US President Donald Trump said the US would not enforce a blockade of crude oil into Cuba as a loaded Russian tanker arrived on the Caribbean island. Russia said it was sending a “humanitarian shipment” of 100,000 tons of crude oil set to arrive on Monday, RIA Novosti reported, citing the Russian Ministry of Transport.
The sanctioned vessel Anatoly Kolodkin was reported waiting to unload shortly after Trump said he had “no problem” with a Russian crude tanker delivering fuel to Cuba. Speaking from Air Force One while returning to Washington from Mar-a-Lago, he said: “If a country wants to send some oil into Cuba right now, I have no problem with that, whether it’s Russia or not.”

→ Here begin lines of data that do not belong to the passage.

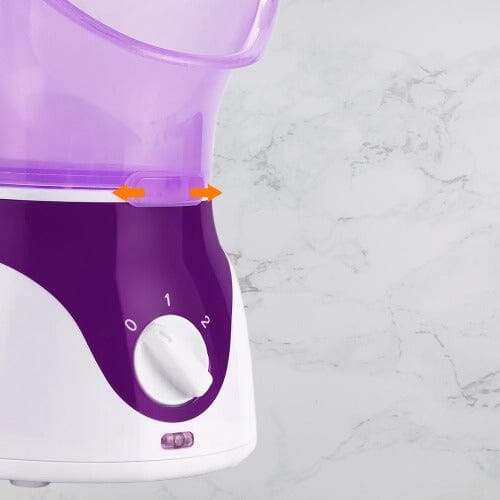 Soin du Visage - FaceSteamerFacialHeating™ - Violet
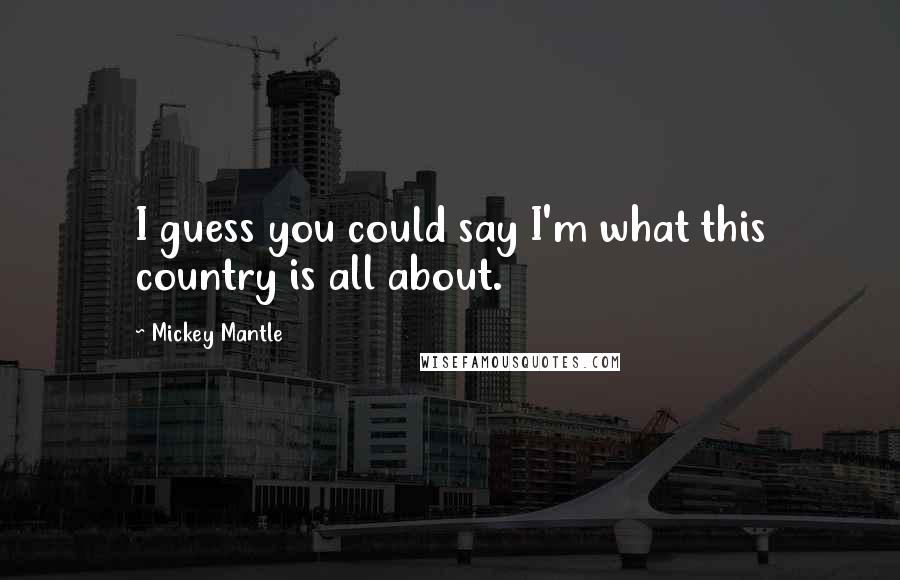 Mickey Mantle Quotes: I guess you could say I'm what this country is all about.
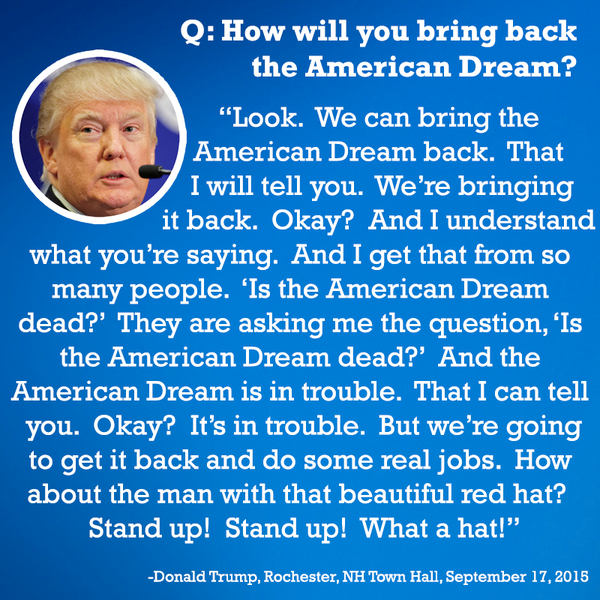 student essays donald trump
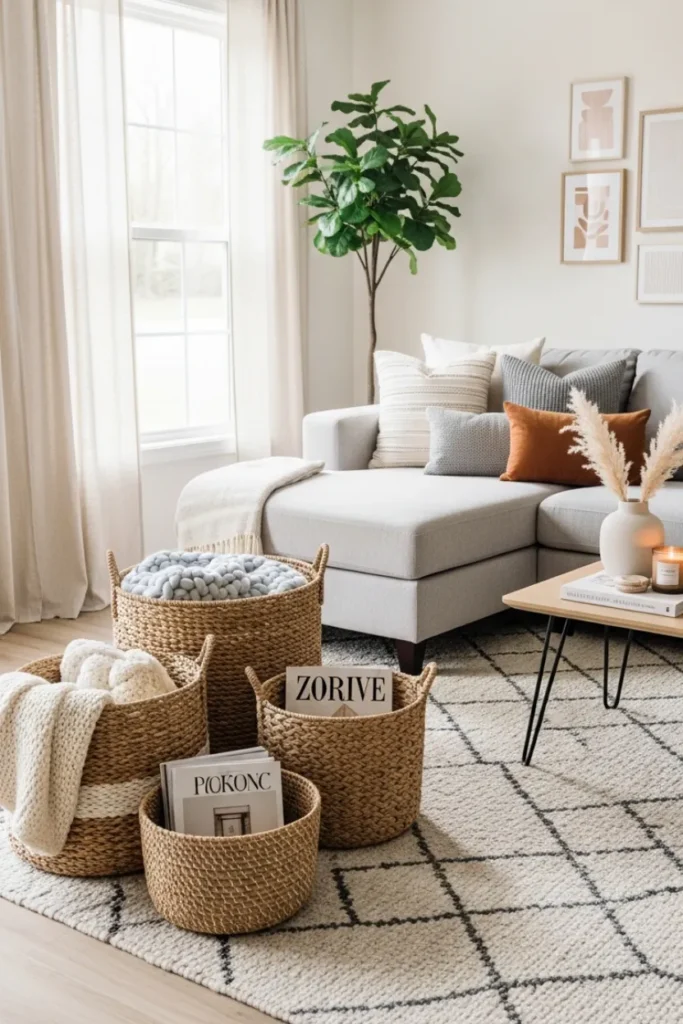Decorative Storage Baskets for Living Rooms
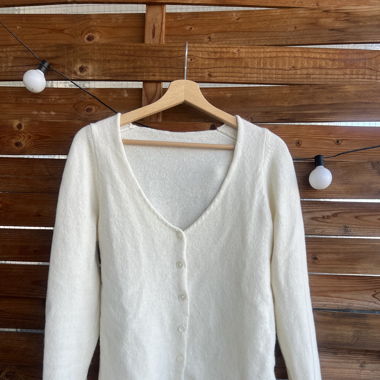 Cream Cardigan Brandy Melville 80% Wool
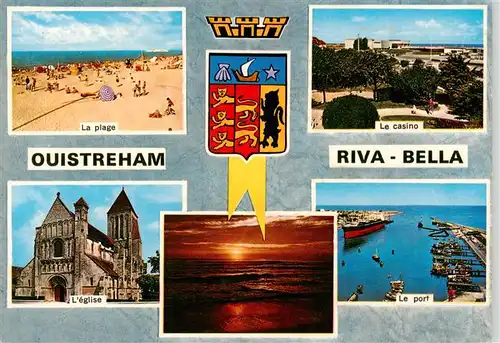 AK / Ansichtskarte  Ouistreham_14_Calvados Riva Bella La plage Le casino Leglise Le port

The arrival tests how far the Kremlin will go to aid its ally close to US territory, the Washington Post said. The Anatoly Kolodkin departed Primorsk on March 8 carrying around 730,000 barrels of crude.
The shipment is expected to provide major relief for Cuba, where President Miguel Díaz-Canel said the country had not received oil imports for three months, prompting strict rationing and a severe energy and power shortage. Cuba lost its main regional oil supplier and ally after the US captured Venezuela’s president Maduro; Trump later said he expected Cuba’s communist government to fall and threatened tariffs on any country that assists the island.
The Anatoly Kolodkin’s arrival comes amid sanctions on Russia by the US, EU and UK. Russian Energy Minister Sergei Tsivilev said last week that Moscow would continue supplying fuel to Cuba, a move framed as defiance of US restrictions.